What is magnetic resonance imaging (MRI)?

Magnetic resonance imaging (MRI) of the breast is a painless test that produces very clear images of breast tissue. MRI uses a large magnet, radio waves, and a computer to produce detailed images of breast tissue. It does not use X-rays (radiation).

Why is a magnetic resonance imaging (MRI) of the breast performed?

MRI is used to help detect breast cancer and other abnormalities in breast tissue. It is often used to provide more detail after a person has been diagnosed with breast cancer. A MRI exam helps doctors measure the extent of the cancer, look for other cancer or abnormal tissue in the breast, and monitor for breast cancer after treatment.

The American Cancer Society recommends that women with a high risk of breast cancer be screened with MRI and an annual mammogram to detect breast cancer. However, MRI is not recommended as a screening tool for women at average risk because it can miss some of the cancers found by a mammogram and because it can result in many “false positive” findings. In other words, the high sensitivity of the MRI can lead to many unnecessary tests, biopsies, and anxiety for average-risk patients for what turns out to be a non-cancerous lesion.

What is it like to have a magnetic resonance imaging (MRI) scan?

Many people are nervous about a magnetic resonance imaging (MRI) test because they fear being enclosed in a tight space. It’s true that the older machines were narrow with the tight head-to-ceiling space. However, newer machines have greatly improved patients’ comfort. The newer machines are “open bore,” meaning they are open at both ends. The newer MRI machines also have wider openings, shorter total length, better interior lightening, more head-to-ceiling space, more arm/body room, and are fully ventilated (a fan will blow a gentle stream of air on you). In some cases, if only a lower body scan (legs and lower) is needed, a patient’s head and torso can remain outside the machine.

If you are nervous about the MRI test or fear closed spaces, talk to your doctor. If needed, your doctor will discuss options for medicine or even anesthesia if necessary.

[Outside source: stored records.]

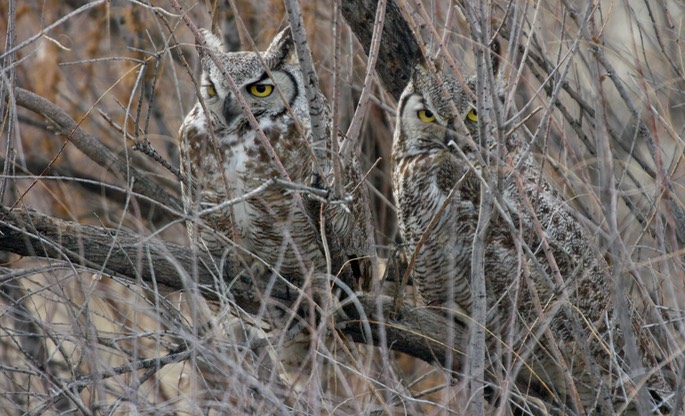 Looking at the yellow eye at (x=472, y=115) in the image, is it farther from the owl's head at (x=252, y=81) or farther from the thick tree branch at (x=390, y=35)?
the owl's head at (x=252, y=81)

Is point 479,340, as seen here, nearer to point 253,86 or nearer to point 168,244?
point 168,244

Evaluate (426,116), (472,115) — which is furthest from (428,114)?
(472,115)

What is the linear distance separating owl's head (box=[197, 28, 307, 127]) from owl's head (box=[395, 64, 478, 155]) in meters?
0.42

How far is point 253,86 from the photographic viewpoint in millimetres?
2867

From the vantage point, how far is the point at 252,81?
284cm

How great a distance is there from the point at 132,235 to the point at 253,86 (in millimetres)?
698

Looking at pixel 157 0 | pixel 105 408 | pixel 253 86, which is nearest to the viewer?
pixel 105 408

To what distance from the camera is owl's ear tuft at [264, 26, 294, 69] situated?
2906mm

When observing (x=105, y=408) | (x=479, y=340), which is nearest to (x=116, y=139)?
(x=105, y=408)

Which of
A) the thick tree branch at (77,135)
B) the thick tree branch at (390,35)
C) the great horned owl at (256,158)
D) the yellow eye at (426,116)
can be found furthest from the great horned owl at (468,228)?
the thick tree branch at (77,135)

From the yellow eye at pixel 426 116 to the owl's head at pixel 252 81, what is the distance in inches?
17.3

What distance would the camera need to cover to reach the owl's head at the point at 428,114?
2.92 meters

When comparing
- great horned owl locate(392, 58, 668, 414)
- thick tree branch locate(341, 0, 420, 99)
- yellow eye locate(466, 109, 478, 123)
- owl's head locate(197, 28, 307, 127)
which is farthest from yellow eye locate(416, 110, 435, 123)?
owl's head locate(197, 28, 307, 127)

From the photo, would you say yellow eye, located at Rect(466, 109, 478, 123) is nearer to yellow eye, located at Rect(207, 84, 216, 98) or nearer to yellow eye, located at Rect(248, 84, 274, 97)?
yellow eye, located at Rect(248, 84, 274, 97) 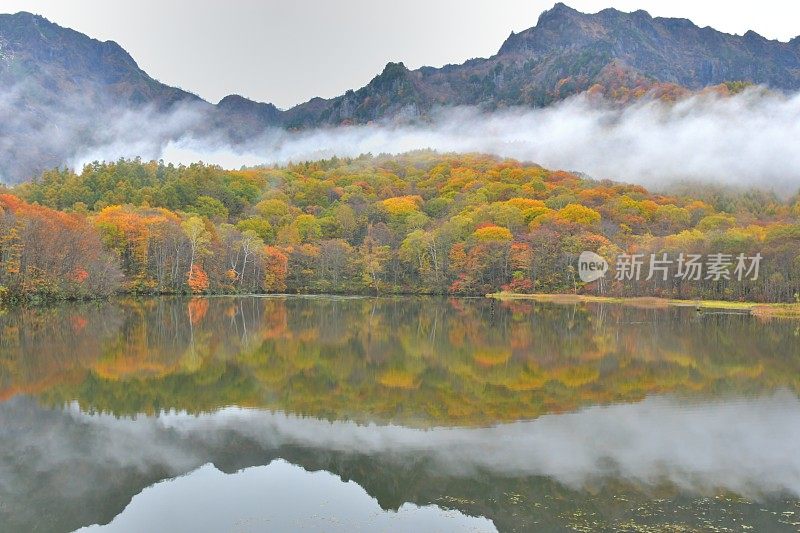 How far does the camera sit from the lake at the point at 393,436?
8.74m

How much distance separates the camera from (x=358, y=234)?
87.8m

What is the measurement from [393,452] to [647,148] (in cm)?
16233

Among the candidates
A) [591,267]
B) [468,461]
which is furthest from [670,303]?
[468,461]

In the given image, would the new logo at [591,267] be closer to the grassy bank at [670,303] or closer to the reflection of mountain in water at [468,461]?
the grassy bank at [670,303]

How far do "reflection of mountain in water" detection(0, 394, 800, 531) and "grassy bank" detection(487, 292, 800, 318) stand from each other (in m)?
35.5

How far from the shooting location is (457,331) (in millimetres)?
31344

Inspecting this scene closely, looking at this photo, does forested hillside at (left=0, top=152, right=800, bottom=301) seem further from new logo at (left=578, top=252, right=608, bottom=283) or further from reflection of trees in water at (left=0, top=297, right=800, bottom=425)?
reflection of trees in water at (left=0, top=297, right=800, bottom=425)

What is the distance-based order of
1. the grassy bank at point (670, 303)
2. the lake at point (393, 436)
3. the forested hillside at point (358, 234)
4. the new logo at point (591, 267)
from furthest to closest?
the new logo at point (591, 267)
the forested hillside at point (358, 234)
the grassy bank at point (670, 303)
the lake at point (393, 436)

What your healthcare team needs to know about you before your magnetic resonance imaging (MRI) test

The magnetic resonance imaging (MRI) scanner uses strong magnets and radio wave signals that can cause heating or possible movement of some metal objects in your body. This could result in a health and safety issue. It could also cause some implanted electronic medical devices to malfunction. If you have metal-containing objects or implanted medical devices in your body, we need to know about them before your exam. Certain implanted objects may require additional scheduling arrangements and special instructions. Other items do not require special instructions but may require an X-ray to check on the exact location of the object before your exam. Please tell your doctor and MRI technologist if you have any of the following:

  • Heart pacemaker/defibrillator.
  • Electronic/implanted stimulators or devices, including deep brain stimulator, vagus nerve stimulator, bladder stimulator, spine stimulator, neurostimulators; implanted electrodes or wires.
  • Cochlear implant or other ear implants.
  • Implanted drug pumps (insulin, narcotic/pain medications, drugs to treat spasticity).
  • Programmable shunt.
  • Aneurysm clips and coils.
  • Stents (not located in heart).
  • Filters (for example, blood clot filters).
  • Metal fragment in your body or eye (BBs, bullets, shrapnel, metal pieces or shavings).

The following items will not be able to be worn during your MRI. Please coordinate your MRI appointment with the day you need to change your patch/device

  • Continuous glucose monitors.
  • Medication patches .
  • Insulin pump.

In addition, tell the doctor if you:

  • Are pregnant.
  • Are not able to lie on your stomach for 30 to 60 minutes.
  • Have claustrophobia (fear of closed or narrow spaces).